### PROVIDED INFORMATION:
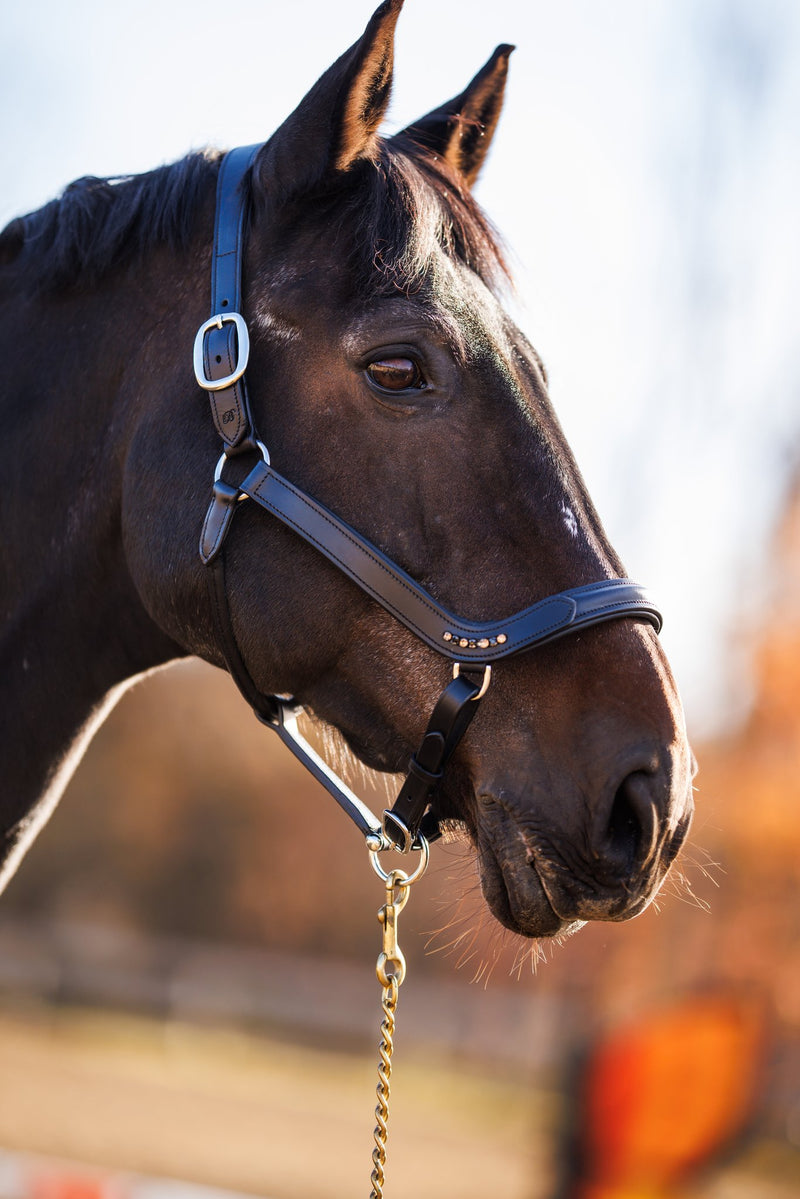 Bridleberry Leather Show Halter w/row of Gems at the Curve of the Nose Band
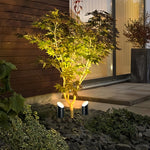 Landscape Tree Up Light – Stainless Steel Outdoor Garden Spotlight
...
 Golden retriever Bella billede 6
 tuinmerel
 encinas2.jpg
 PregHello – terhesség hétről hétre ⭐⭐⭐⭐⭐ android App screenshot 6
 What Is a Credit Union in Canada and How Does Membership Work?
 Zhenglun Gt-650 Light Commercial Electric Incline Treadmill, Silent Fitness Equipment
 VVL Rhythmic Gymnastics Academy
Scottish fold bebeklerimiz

### TASK ITEM:
Reproduce exactly, and with no other material, the lines between those holding "Golden retriever Bella billede 6" and "Scottish fold bebeklerimiz", inclusive.

### SOLUTION:
 Golden retriever Bella billede 6
 tuinmerel
 encinas2.jpg
 PregHello – terhesség hétről hétre ⭐⭐⭐⭐⭐ android App screenshot 6
 What Is a Credit Union in Canada and How Does Membership Work?
 Zhenglun Gt-650 Light Commercial Electric Incline Treadmill, Silent Fitness Equipment
 VVL Rhythmic Gymnastics Academy
Scottish fold bebeklerimiz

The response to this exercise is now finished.